Any new on this? How hard would it be to do?

None yet. It shouldn't be _that_ hard, though it would require paying close attention to escapes.

NPM does this with markymark, I would suggest blatantly copying whatever they do.

NPM does this with markymark, I would suggest blatantly copying whatever they do.

Wouldn't that need a server-side node process? The current server is written in Rust, if I understand everything correctly.

I didn't mean literally running their code; I meant investigating how they do so. What HTML do they escape? Do they show the whole README or a summary? Etc.

On Feb 19, 2016, 04:17 -0500, [email protected], wrote:

NPM does this with markymark, I would suggest blatantly copying whatever they do.

Wouldn't that need a server-side node process? The current server is written in Rust, if I understand everything correctly.

—
Reply to this email directly orview it on GitHub(https://github.com/rust-lang/crates.io/issues/81#issuecomment-186125695).

After some investigation, I managed to get a local version running, but when I try to upload a simple example crate it fails because it can not connect to S3. How can I do to load example data in a local website instance?

It might be worth using the --proxy option and use the data from the actual
backend instead.

On Wed, Mar 2, 2016 at 4:45 PM, Luthaf [email protected] wrote:

After some investigation, I managed to get a local version running, but
when I try to upload a simple example crate it fails because it can not
connect to S3. How can I do to load example data in a local website
instance?

—
Reply to this email directly or view it on GitHub
https://github.com/rust-lang/crates.io/issues/81#issuecomment-191446706.

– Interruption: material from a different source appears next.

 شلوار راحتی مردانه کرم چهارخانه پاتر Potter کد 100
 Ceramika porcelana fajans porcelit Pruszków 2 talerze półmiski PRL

Yes, but I do not see how I can change the behaviour of the backend, to add an API point to get the README content as HTML in that case.

Ah, sorry, I forgot about that part. I was only thinking about the frontend rendering aspect :(

I have some time and willingness to work on this issue. @Luthaf can u help me with backend changes? Frontend changes seems to be trivial when we have nice endpoint returning readme as html :D

I couldn't find the project which is responsible actually for adding new packages into the repository. crates.io seems to be frontend and backend but it's only querying data - not adding them. I wanted to research textsearchable_index_col field in database because it seems to hold README contents and be used for full text search.

@Luthaf can u help me with backend changes?

Sorry, I have no knowledge at all of crates.io backend. I tried to do this, but gave up as I did not managed to get a local version of the backend working with some data.

I'd like to step up and take a shot at implementing this.

I mentioned this bug to @ashleygwilliams yesterday, and she mentioned that for @npm, they actually made this a separate service. One issue is that right now, crates.io displays stuff in the metadata, displaying READMEs would mean moving README stuff into the metadata, but that means that it blows up in size....

(By separate service I mean "implemented as a microservice", not a totally different website)

:wave: hey all! i'm currently writing a blog post about the interesting history around dealing with READMEs for npm. right now, READMEs are part of the package metadata, and due to the potential for a DDoS, as well as the performance hit large READMEs cause, we've had to place an arbitrary restriction of 64kb on the READMEs. yes, yuck, arbitrary restrictions.

our goal with the READMEs in npm registry v3 will be to remove them from the package metadata completely and run them as a separate service that pre-renders the markdown and serves the generated html statically. this will remove any threat large READMEs would cause to performance or security and it will also have the added benefit of allowing us to render READMEs per version. it will also speed up our website since they will be pre-rendered and served statically.

i would greatly encourage ya'll to learn from our struggles and opt to keep the README _out_ of the package metadata. when ya'll become as popular as npm you'll thank me :)

if this is still open when the blogpost comes out later this week i'll be sure to post it here.